(Saved data entries)

★ ★ ★ ★ ★

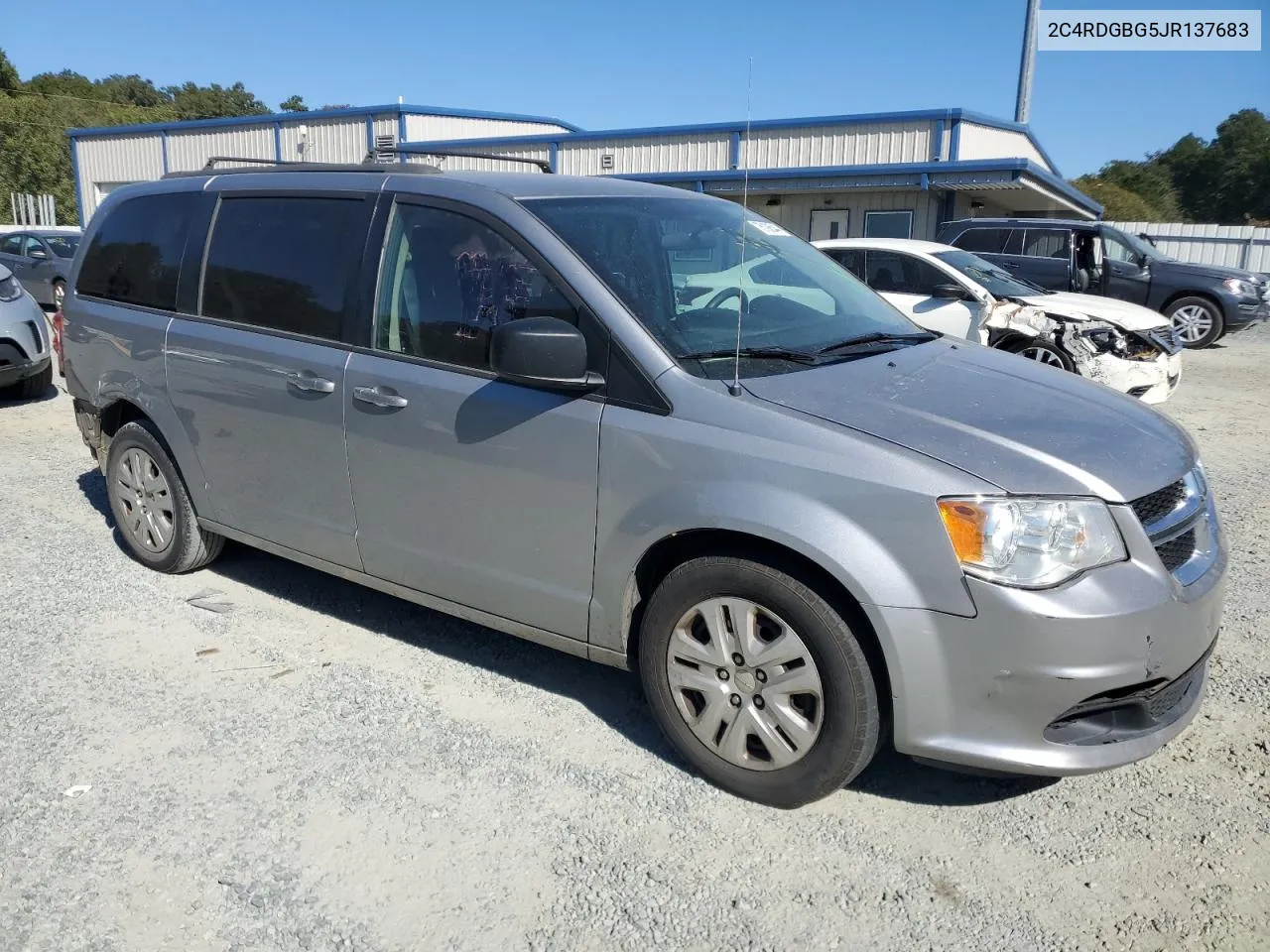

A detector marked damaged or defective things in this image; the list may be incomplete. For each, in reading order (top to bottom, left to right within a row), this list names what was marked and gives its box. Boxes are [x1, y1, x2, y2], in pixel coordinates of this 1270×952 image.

white damaged sedan [813, 239, 1178, 404]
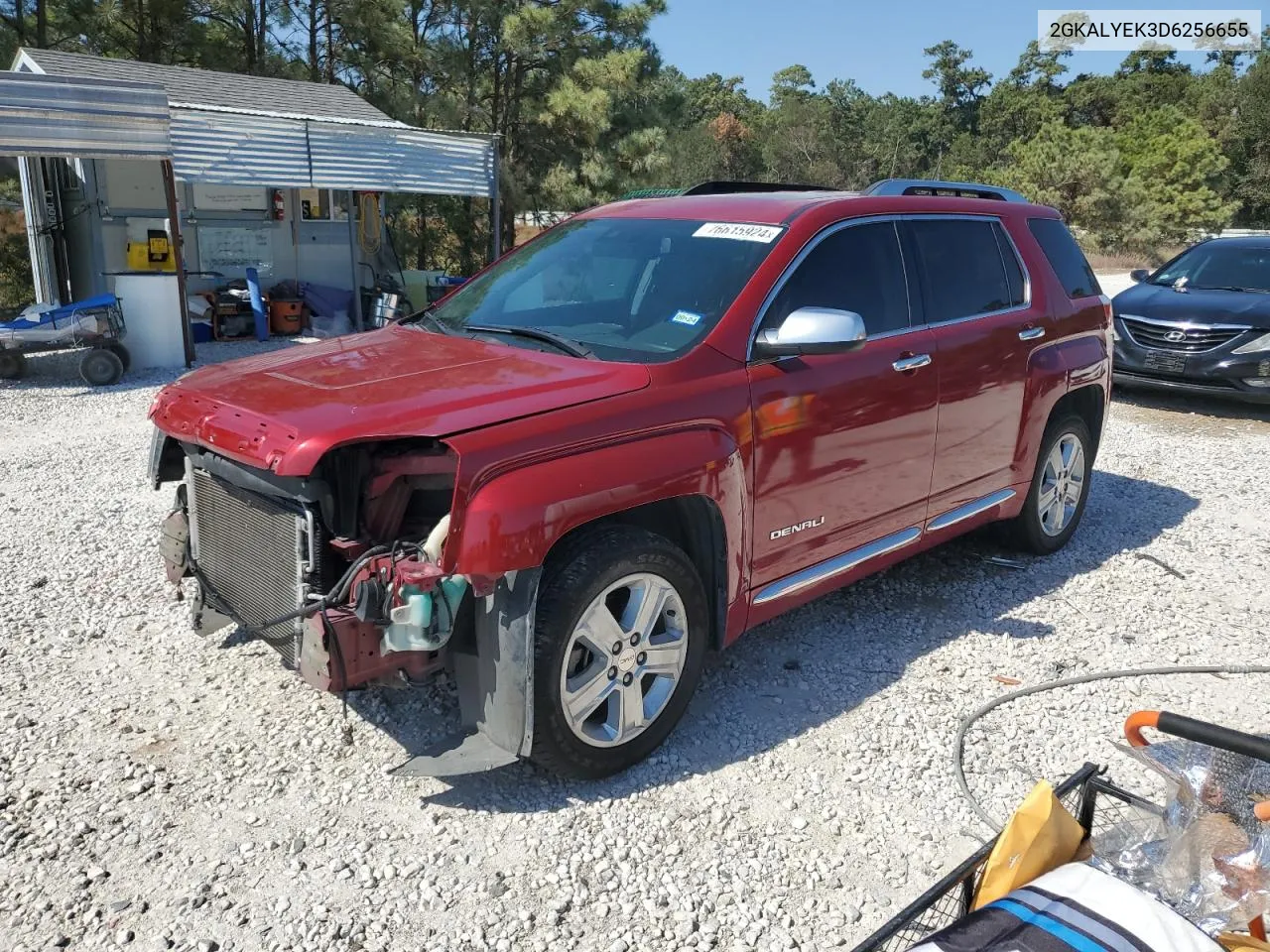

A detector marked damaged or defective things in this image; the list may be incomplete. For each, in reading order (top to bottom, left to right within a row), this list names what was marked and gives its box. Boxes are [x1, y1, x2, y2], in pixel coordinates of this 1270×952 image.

damaged red suv [144, 180, 1103, 781]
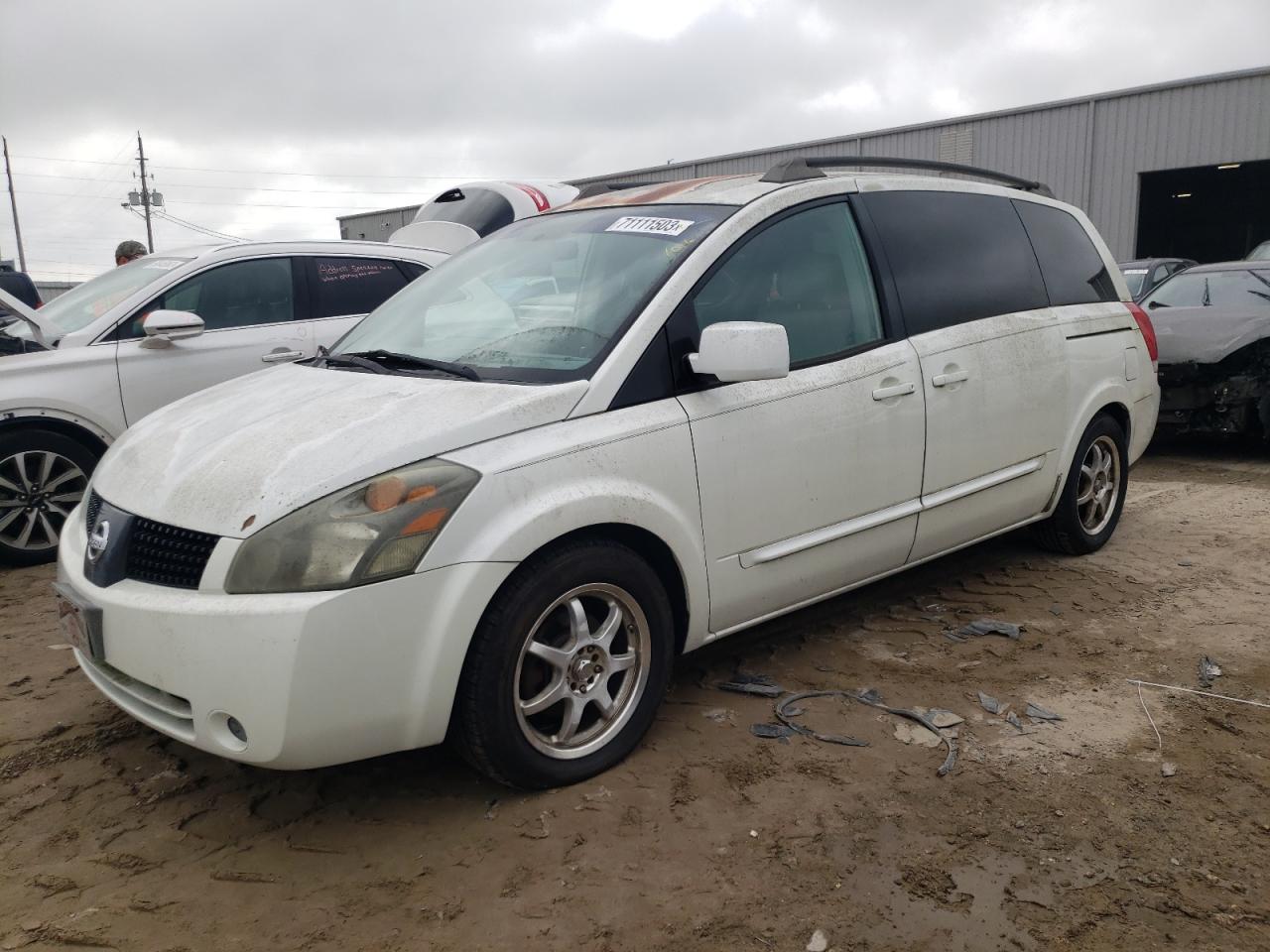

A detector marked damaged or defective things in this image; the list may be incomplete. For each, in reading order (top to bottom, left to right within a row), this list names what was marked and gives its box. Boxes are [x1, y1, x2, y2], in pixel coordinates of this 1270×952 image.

damaged white car [52, 162, 1163, 791]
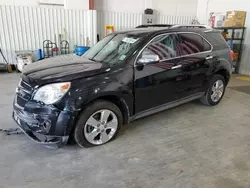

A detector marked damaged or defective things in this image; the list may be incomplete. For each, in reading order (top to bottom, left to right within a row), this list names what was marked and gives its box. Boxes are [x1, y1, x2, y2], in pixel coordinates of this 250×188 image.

crumpled hood [23, 53, 109, 84]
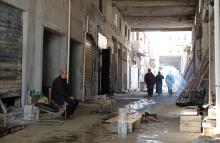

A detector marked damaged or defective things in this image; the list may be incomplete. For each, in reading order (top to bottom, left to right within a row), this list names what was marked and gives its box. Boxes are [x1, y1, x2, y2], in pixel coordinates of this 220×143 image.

rusty metal shutter [0, 2, 22, 98]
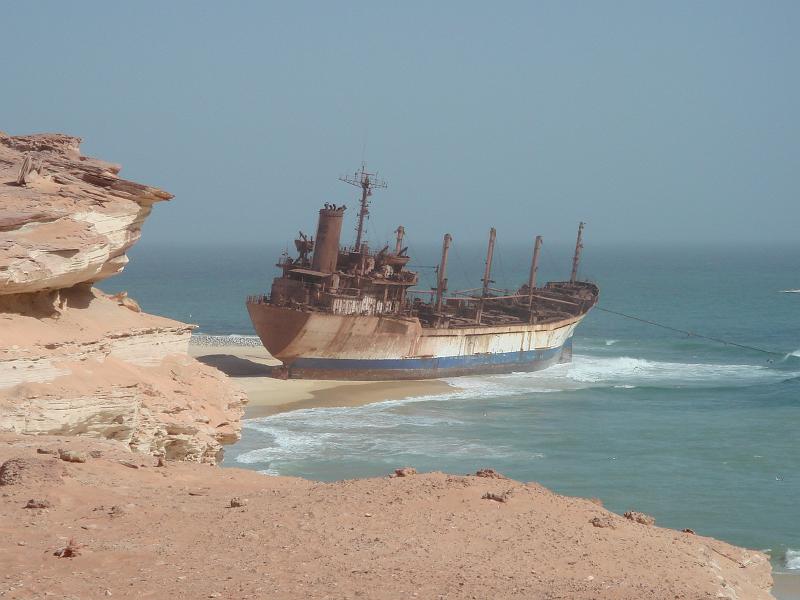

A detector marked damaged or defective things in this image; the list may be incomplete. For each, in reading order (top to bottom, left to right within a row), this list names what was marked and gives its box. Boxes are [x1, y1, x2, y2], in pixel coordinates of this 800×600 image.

rusted hull plating [247, 302, 584, 382]
rusty shipwreck [247, 165, 596, 380]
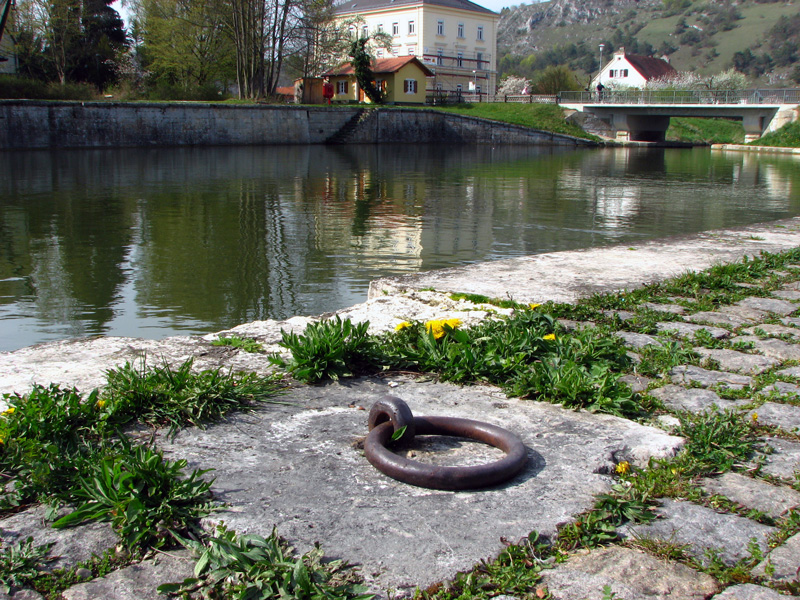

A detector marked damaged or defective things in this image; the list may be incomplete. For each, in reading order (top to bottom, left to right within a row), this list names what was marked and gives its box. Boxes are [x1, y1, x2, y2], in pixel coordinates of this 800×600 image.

rusty iron mooring ring [366, 396, 528, 490]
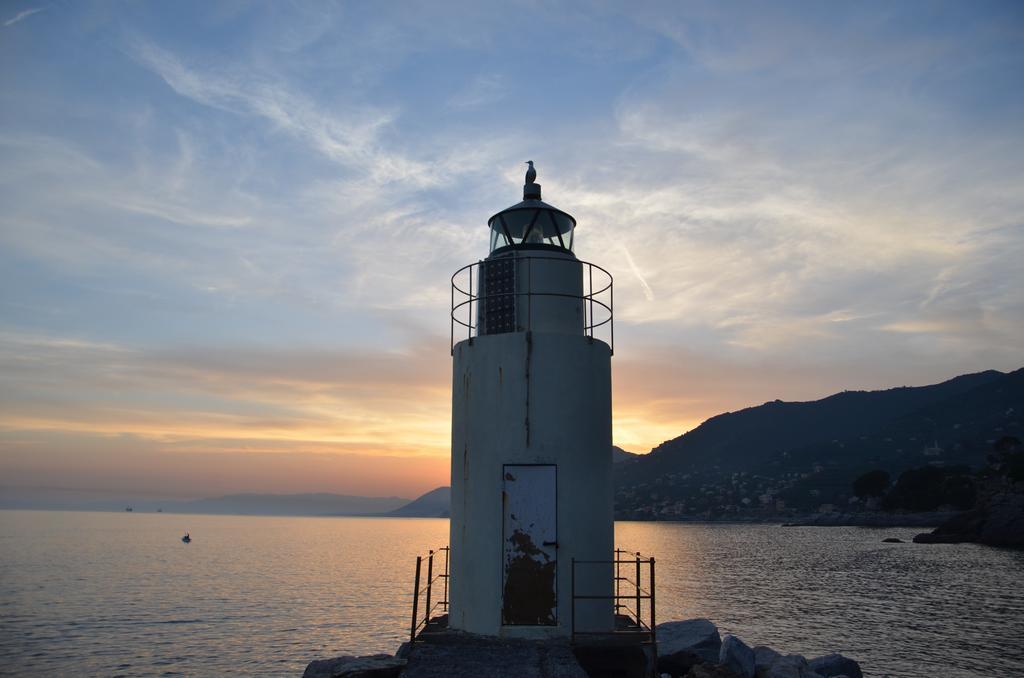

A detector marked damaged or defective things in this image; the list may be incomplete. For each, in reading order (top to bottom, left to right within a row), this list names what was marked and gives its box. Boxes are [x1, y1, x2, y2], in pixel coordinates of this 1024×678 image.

rusty metal door [499, 467, 557, 626]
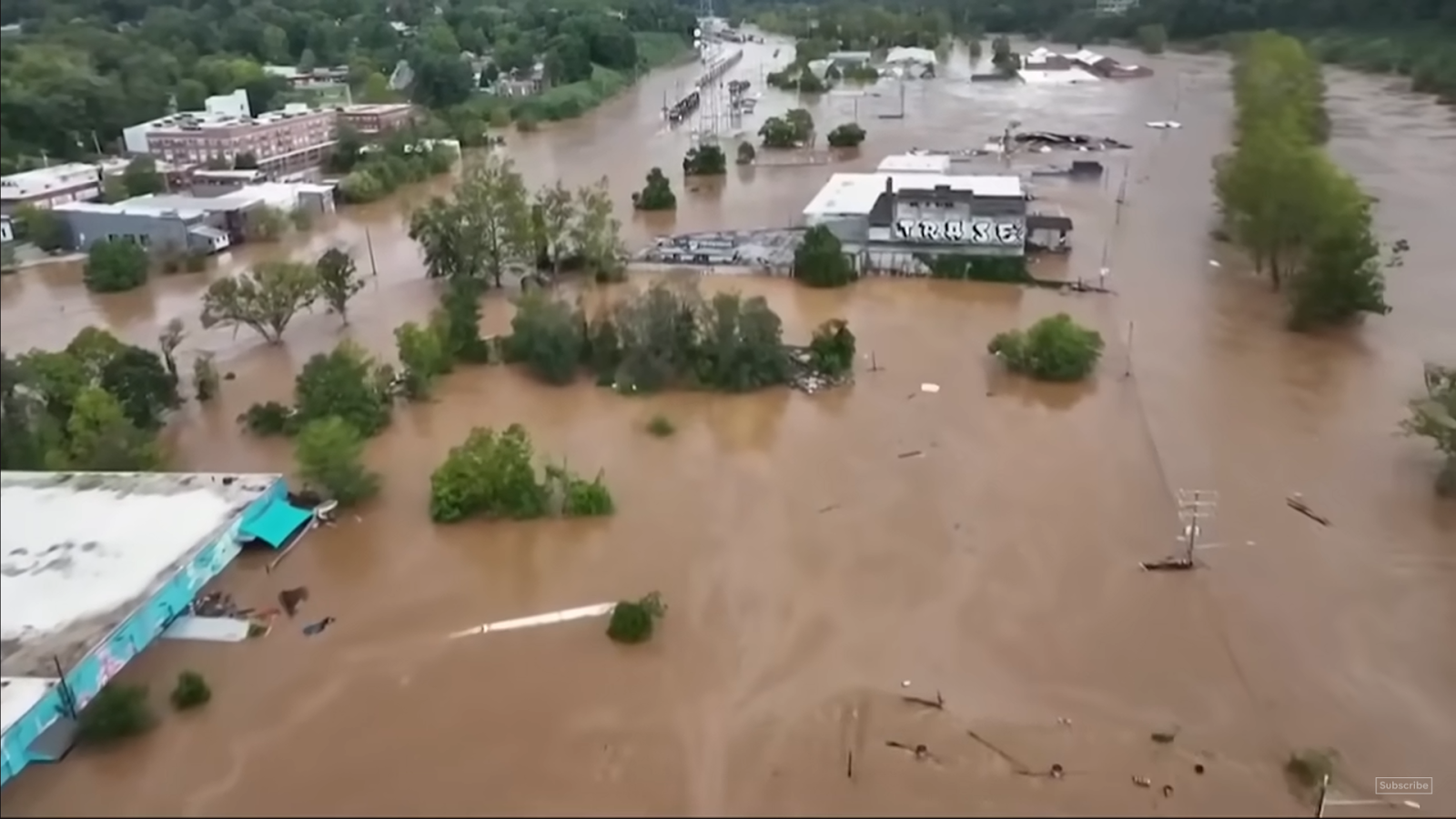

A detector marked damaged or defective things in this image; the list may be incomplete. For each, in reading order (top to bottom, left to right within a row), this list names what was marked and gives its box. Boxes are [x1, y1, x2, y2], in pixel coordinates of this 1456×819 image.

damaged structure [804, 157, 1077, 272]
damaged structure [0, 469, 316, 781]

★ ★ ★ ★ ★

Task instructions. Include both ends. Return the line holding "this 1456×819 image." and all lines after it in the records above, exactly as written.

Exercise response.
A detector marked damaged or defective things in this image; the list may be incomplete. For each, in reading order (top to bottom, left to right within a row), this list names what was marked and gives its box. Boxes are [x1, y1, x2, y2], in pixel coordinates of this 1456×819 image.

damaged structure [804, 157, 1077, 272]
damaged structure [0, 469, 316, 781]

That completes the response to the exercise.